The film definitely offers action, suspense, and great dinosaur carnage.  However, is Jurassic World on the same level as the now classic film Jurassic Park?  I would say yes!  Jurassic Park was innovative and gave moviegoers, like myself, something many people wanted to see.  A great thriller with the main attraction, dinosaurs.  I don't think anyone will forget the original scene in Jurassic Park when the T-Rex finally steps out of her paddock and stomps past the SUVs.  So how does Jurassic World give us something moviegoers have never seen?  Plenty of action from dinosaur fight scenes with both old and new dinosaurs.


The other major similarity between Park and World is that both films had a main character that embodied the film.  In Jurassic Park you have the grounded expert Dr. Alan Grant played by Sam Neiil and in Jurassic World you have the ex-military raptor-whisperer Owen played by Chris Pratt.  The two character’s couldn’t be more unlike, however both have a way of becoming the main character of films focused primarily on the CGI created dinosaurs rather than the flesh and blood actors.  Pratt does a great job in this film and is a shining spot amongst the actors.  Two more notable roles from the film are Vincent D’Onofrio’s InGen baddie Hoskins and of course BD Wong reprising his role as Dr. Henry Wu.  Perhaps the role that falls the most flat is Bryce Dallas Howard’s Director of Operations Claire.  Her performance is passable, but not great, especially stacked up against Pratt and the real stars the dinosaurs.  

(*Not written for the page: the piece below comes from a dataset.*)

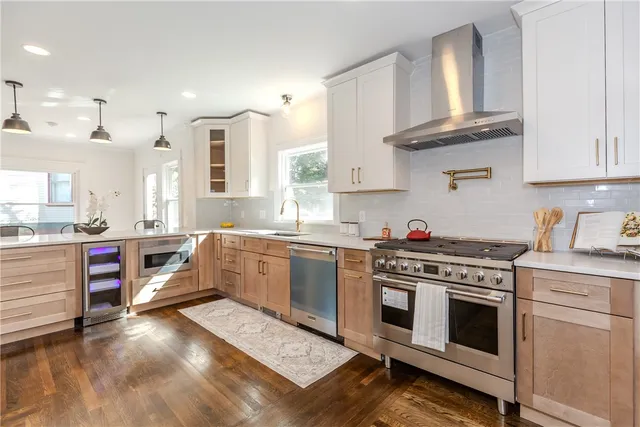 $699,900 | 126 Columbia Avenue, Cranston, RI 02905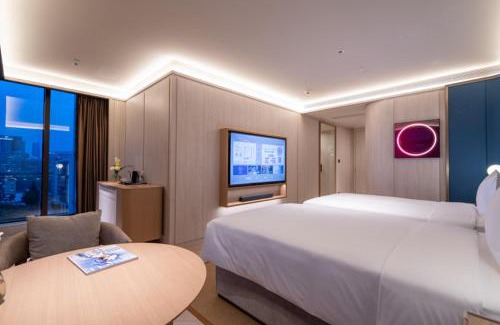 Putuo Hotel | Shanghai Changfeng Business District Orange Crystal Hotel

Getting to see the realization of what John Hammond had intended his park to be prior to the 1993 terror at Isla Nublar was amazing in its own right.  Jurassic World offers us a trip down memory lane but at the same time feels fresh and new, something Jurassic Park: Lost World and Jurassic Park III were unable to do.  With amazing action sequences, plenty of dino terror, and some smart film making, I give Jurassic World 4 out of 5 stars and I am very excited to see where they take this rebooted film series from here.